自分の文章の愛読者のコメントは嬉しいもので調子に乗ってバカなことを書いてしまいましたが普通の人でも裏がわかる文じゃないと本当には楽しめないのでこれから少し注意します。学生に教えていてもいつもそこで躓くのです。ただそのことは作品でも同じで貴君の作はどこか解りやすいとこがあり、まして文を読んでくれれば一作でもかなりアピールできますが、それでも以前の作品とつなげてみているひとは少数派です。カリスマ化すれば何とかなるのですが、今度は内容が抜け落ちることになります。雑誌に載る平凡な人はそのままの水準で現れますが、実力の高い人(特に飛躍期にあり独自のこれまでにない側面をもつ人)が十分に自らを差別化(良い意味で)することは容易ではありません。いやはや難しいものですね。

それではまた。大島哲蔵


2000年11月6日16:6 長く書かれたらいい

大島哲蔵様

突然の来客(サラリーマン時代の上司)で大混乱でした。面倒に成りそうだったので酔っぱらっている間に東京まで車で送り帰して一段落です。今日は爽やかな日です。

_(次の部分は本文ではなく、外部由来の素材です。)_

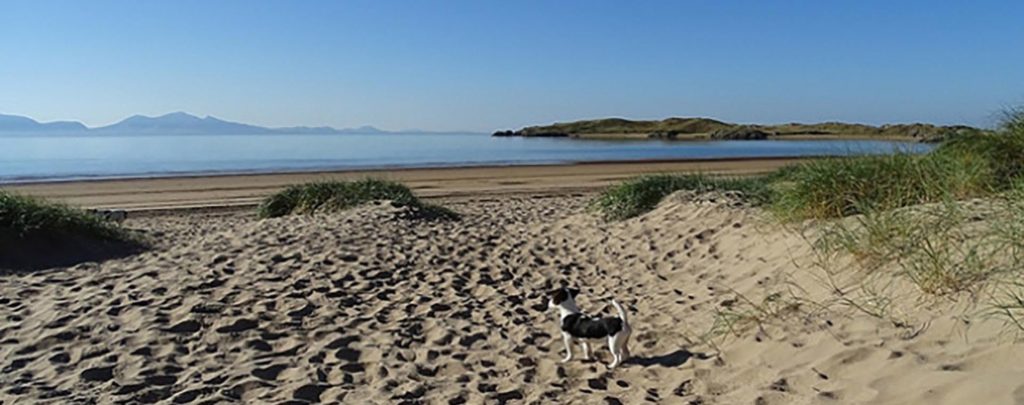 Dog Friendly Beaches in North Wales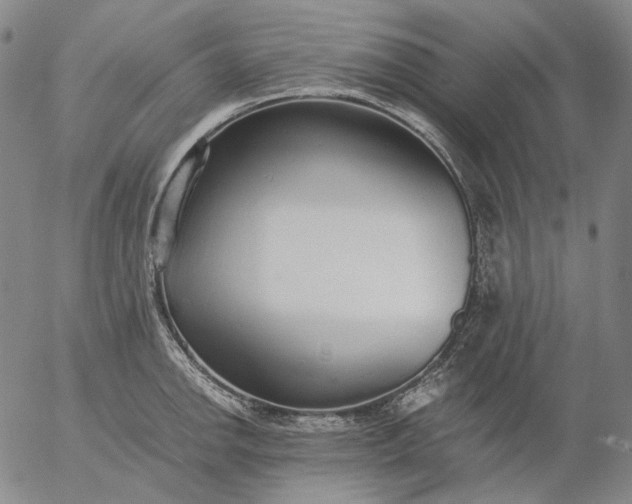 X0000056001142200509021657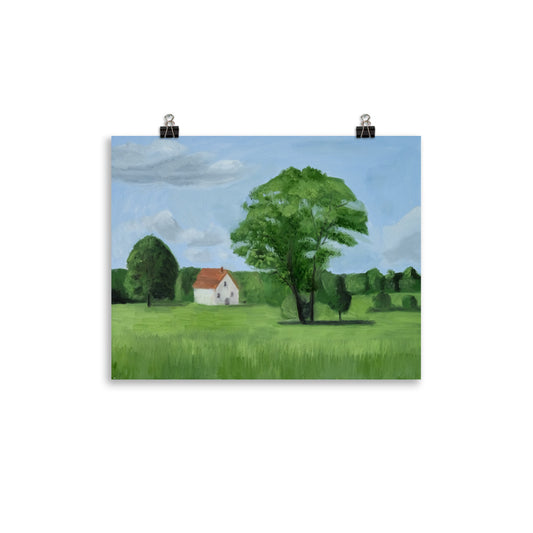 Landscape 17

文化の文章の感想など、あまり来ませんか。ぽむ企画というサイトに紛れ込んだら雑誌の感想を連続し公表してましたがああいう雑談的な話しも飛び交わないようでは建築関係も先が暗いなと思ったりしますね。

自分のコレクションを歴史上意義有るモノとして告知する歴史学者にもあきれ
ますが
だまされる、関係者にもあきれます。

建築は根も葉もないものでも、生きている人が想像したり、こしらえてしまえば歴史の事実に成るので、何でもありの気楽な稼業ですが、乗り越えなきゃならない現世の困難も数限りないので、そうも行かないので面白い。

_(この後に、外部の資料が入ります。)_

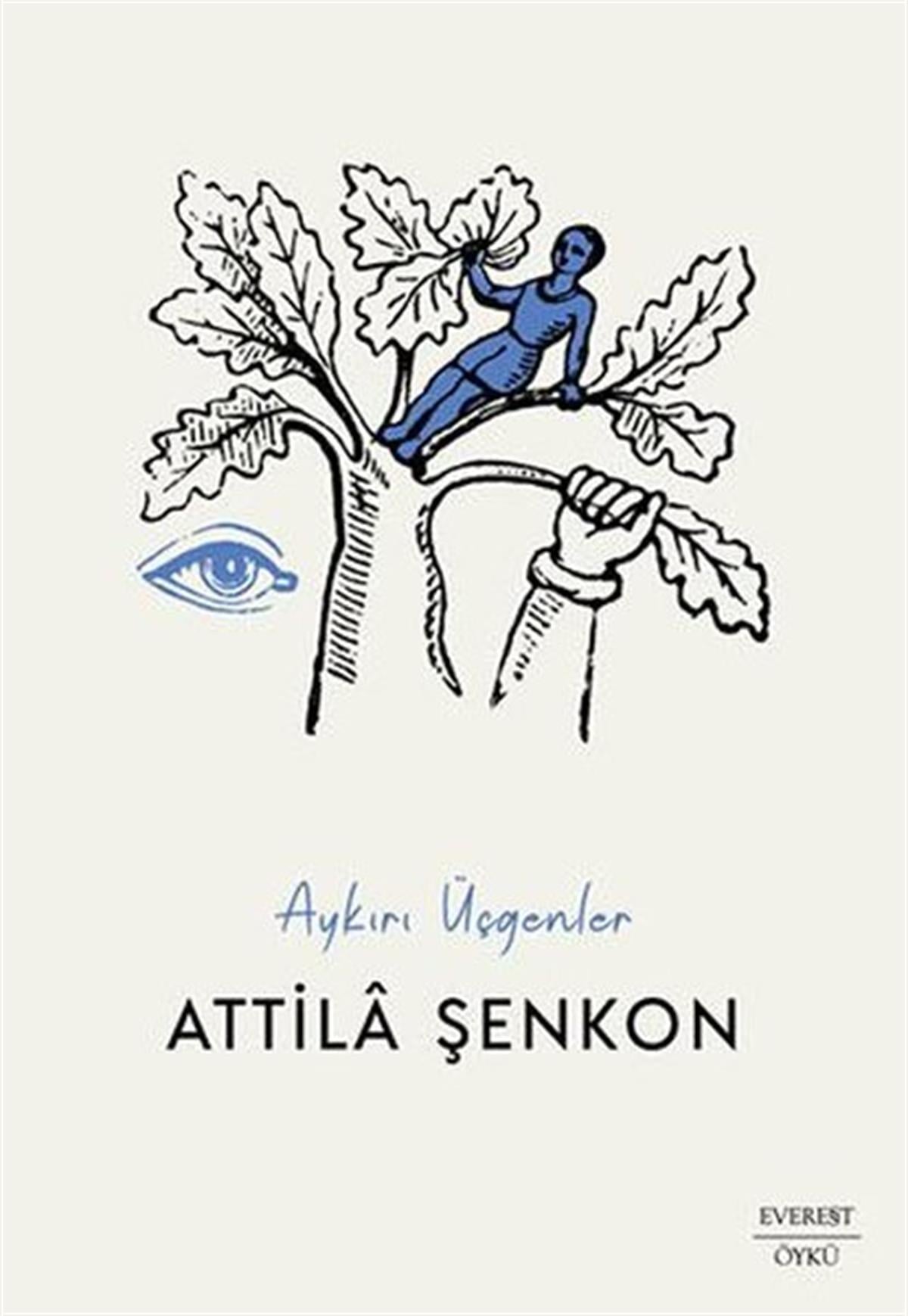Attila ŞenkonHikaye (Öykü) KitaplarıAykırı Üçgenler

文化の前後の対談のようなダレ気味の話よりは、紙面を多く提供してもらい、今回の内容を3倍ぐらい前後左右を解説してもらえるといいと、単純に思うのです。

他者の批判や値踏みや依頼がないとダレもこの世に存在出来ないが現代のキーポイントだとおもいます。だから挑戦する価値があるのだと思います。

かつての上司のようにリタイアしてから説教を抜かしても、現役でわめき散らせと言いたいからです。自分だけいい位置どりは安全ですが淋しいと思います、恋人に傷つけられるぐらいのほうがこの世は楽しいし、歳 おえて無駄口をたたく必要もなくなるのではないかと思うのです。よけいな事かもしれませんね。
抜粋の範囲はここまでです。